### [PROMPT]
In the records below, find the line that contains "Matrix C7xi –" and the line that contains "신림 유호텔 Seoul". Set down exactly those lines and every line between them, and nothing more.

### [DATASET ENTRIES]
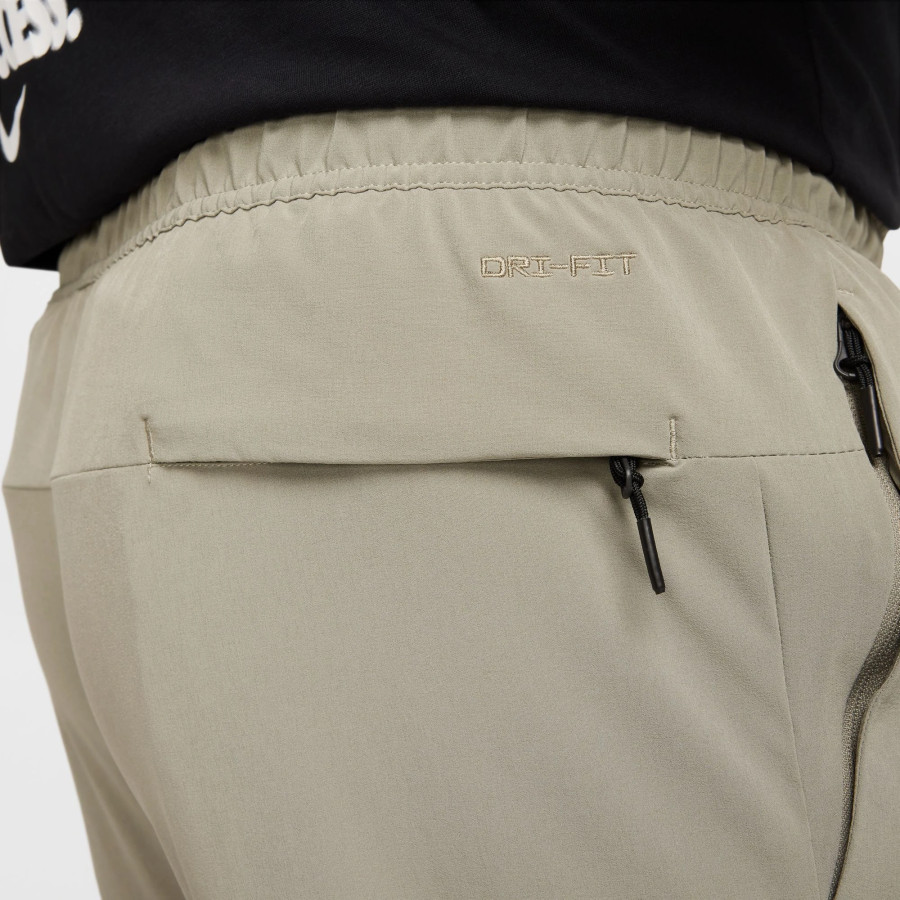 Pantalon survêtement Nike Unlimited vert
---
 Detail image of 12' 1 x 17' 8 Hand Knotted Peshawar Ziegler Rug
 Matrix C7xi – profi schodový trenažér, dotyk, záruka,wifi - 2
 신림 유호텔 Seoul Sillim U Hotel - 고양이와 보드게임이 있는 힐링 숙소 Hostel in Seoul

### [RESULT OF THE EXERCISE]
 Matrix C7xi – profi schodový trenažér, dotyk, záruka,wifi - 2
 신림 유호텔 Seoul Sillim U Hotel - 고양이와 보드게임이 있는 힐링 숙소 Hostel in Seoul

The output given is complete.